EXERCISE REQUIREMENTS - Print the lines below exactly, beginning with the one that contains "Valinhos Plaza Hotel Zewnętrze zdjęcie" and stopping after the last line.

Entries taken from a collection -
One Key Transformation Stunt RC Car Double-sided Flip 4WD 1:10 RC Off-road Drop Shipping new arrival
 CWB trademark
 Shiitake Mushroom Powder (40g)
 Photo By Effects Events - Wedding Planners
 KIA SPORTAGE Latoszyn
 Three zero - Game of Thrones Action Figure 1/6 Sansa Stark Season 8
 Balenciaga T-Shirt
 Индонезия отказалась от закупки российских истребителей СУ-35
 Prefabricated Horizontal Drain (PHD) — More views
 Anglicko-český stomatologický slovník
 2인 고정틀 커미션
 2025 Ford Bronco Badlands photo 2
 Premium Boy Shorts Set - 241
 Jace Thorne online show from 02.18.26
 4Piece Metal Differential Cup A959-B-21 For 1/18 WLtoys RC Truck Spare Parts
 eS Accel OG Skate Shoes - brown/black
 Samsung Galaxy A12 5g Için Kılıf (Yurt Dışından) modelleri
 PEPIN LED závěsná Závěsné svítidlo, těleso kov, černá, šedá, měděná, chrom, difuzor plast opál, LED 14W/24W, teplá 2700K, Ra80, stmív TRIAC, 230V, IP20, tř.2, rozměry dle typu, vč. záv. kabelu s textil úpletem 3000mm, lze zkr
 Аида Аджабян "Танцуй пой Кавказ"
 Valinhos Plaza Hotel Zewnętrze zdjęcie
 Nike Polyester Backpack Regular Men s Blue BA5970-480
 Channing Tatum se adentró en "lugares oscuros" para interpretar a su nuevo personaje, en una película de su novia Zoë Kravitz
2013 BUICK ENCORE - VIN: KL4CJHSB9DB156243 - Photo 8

RESPONSE TO THE EXERCISE -
 Valinhos Plaza Hotel Zewnętrze zdjęcie
 Nike Polyester Backpack Regular Men s Blue BA5970-480
 Channing Tatum se adentró en "lugares oscuros" para interpretar a su nuevo personaje, en una película de su novia Zoë Kravitz
2013 BUICK ENCORE - VIN: KL4CJHSB9DB156243 - Photo 8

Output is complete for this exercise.